Las manzanas están disponibles todo el año. Existen muchas formas de utilizarlas en la cocina. Una de las conservas más originales de este fruto del paraíso es la mantequilla de manzana. Es una excelente alternativa al untable tradicional de mantequilla, que tiene más del 80% de grasa. Tiene poco en común con la mantequilla típica; su nombre se debe a su textura lisa y aterciopelada y a su estructura compacta y mantecosa. Es un producto indicado tanto para personas a dieta, veganos, como para quienes tienen intolerancia a la lactosa. Por su sabor afrutado, también gustará a los niños.
Es un complemento excelente para yogures, gachas de avena, sándwiches, crepes, pasteles, así como para quesos o carnes, por ejemplo a la parrilla.
Preparación:
Lava las manzanas, pélalas y quítales el corazón. Córtalas en trozos más pequeños, añade el zumo de limón y cuece a fuego lento aprox. 1 hora. Pasado este tiempo, tritura la mezcla o pásala por un colador. Añade las especias y, si lo deseas, azúcar, y vuelve a cocer durante aprox. 4–4,5 horas hasta que el agua se evapore. La duración de la cocción y la cantidad obtenida dependen del tipo de manzanas utilizadas.
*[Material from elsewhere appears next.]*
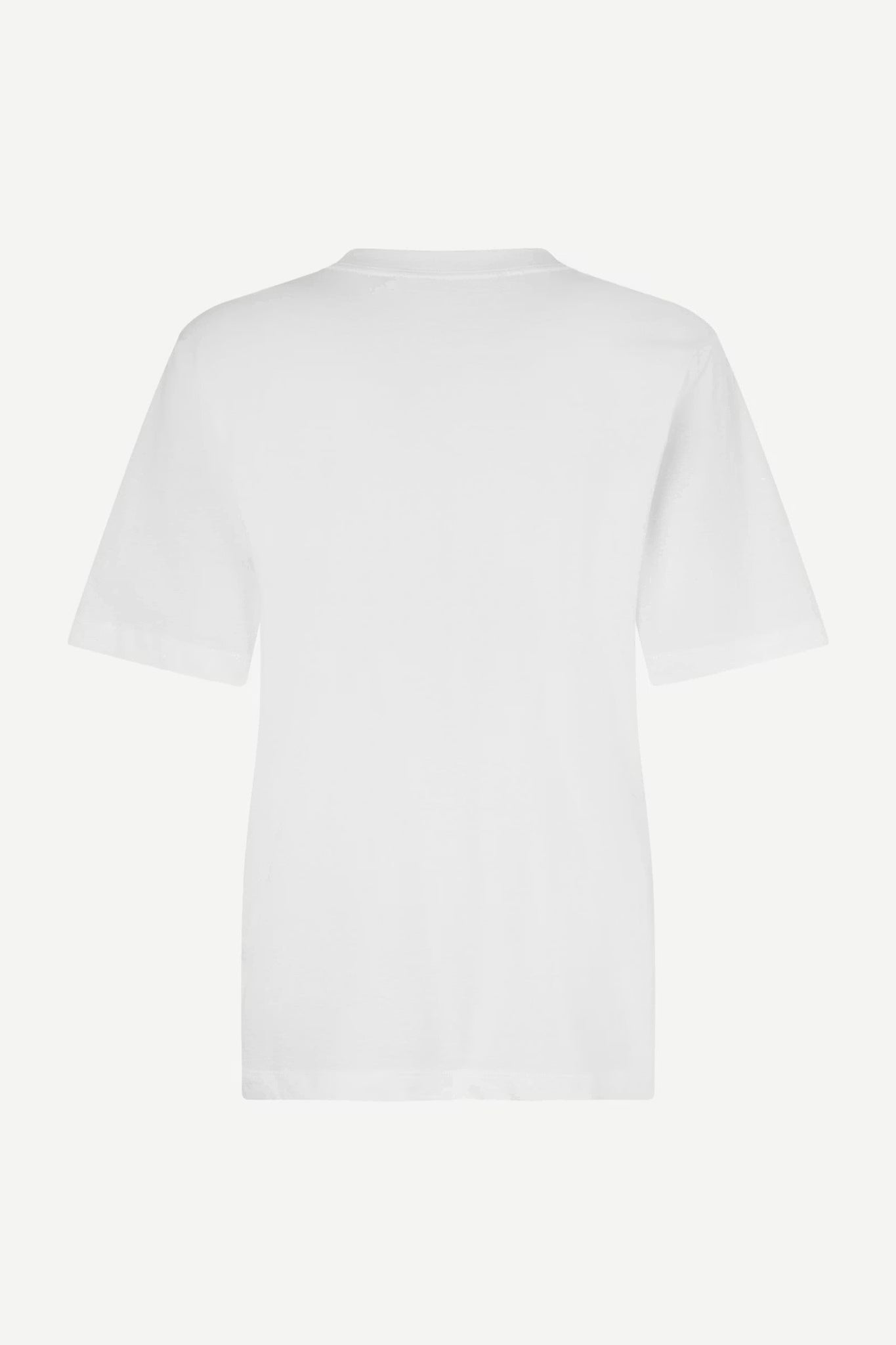 Sadalila T-shirt 10379 White Samsoe Samsoe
La mantequilla lista debe tener una estructura compacta, una consistencia mantecosa y un color oscuro resultante de la caramelización del azúcar, tanto el propio de la fruta como el añadido a la mezcla. Coloca la mantequilla en tarros escaldados y pasteuriza para poder conservarla más tiempo. Si planeas consumirla en el plazo de dos semanas, la pasteurización no es necesaria; basta con guardar los tarros en el frigorífico.